▶ **INSTRUCTIONS FOR THE TASK**: Work out how many lines of the listing hold the string "Image". Answer with that number alone.

* * * *

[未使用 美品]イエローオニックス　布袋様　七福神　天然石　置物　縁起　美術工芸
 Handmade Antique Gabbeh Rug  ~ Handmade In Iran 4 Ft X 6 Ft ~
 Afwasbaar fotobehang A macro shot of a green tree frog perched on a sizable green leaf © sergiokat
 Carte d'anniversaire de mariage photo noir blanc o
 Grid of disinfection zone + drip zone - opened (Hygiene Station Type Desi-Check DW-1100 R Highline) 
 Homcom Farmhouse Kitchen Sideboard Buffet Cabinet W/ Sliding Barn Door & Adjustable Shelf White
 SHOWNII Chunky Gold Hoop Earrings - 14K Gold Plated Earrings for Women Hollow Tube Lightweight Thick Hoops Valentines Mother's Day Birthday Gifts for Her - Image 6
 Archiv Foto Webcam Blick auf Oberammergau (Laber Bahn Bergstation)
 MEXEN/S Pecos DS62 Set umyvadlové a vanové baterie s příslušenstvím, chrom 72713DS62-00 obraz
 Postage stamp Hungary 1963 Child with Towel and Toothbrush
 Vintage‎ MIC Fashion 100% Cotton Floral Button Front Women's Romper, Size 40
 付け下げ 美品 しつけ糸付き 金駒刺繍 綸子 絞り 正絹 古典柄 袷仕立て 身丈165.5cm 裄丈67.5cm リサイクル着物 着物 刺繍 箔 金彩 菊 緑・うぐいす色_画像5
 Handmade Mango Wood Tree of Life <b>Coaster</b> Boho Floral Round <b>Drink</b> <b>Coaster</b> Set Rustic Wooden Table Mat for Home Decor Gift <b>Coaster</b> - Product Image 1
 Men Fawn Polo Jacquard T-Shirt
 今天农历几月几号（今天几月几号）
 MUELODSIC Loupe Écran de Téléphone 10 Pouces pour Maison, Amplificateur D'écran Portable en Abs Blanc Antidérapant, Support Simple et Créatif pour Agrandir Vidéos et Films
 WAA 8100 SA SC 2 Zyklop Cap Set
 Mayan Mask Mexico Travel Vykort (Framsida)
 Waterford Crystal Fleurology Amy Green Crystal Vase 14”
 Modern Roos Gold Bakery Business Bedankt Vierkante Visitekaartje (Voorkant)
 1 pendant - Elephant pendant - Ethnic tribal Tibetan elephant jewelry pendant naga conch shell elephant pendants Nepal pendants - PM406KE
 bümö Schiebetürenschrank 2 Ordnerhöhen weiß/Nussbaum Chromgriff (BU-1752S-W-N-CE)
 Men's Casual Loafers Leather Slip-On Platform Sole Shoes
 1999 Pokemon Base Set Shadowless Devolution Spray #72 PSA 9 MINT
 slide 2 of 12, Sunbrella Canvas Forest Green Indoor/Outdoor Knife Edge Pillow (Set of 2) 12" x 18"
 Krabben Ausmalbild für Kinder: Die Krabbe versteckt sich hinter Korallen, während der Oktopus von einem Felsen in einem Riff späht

* * * *

▶ **REPLY TO THE TASK**: 2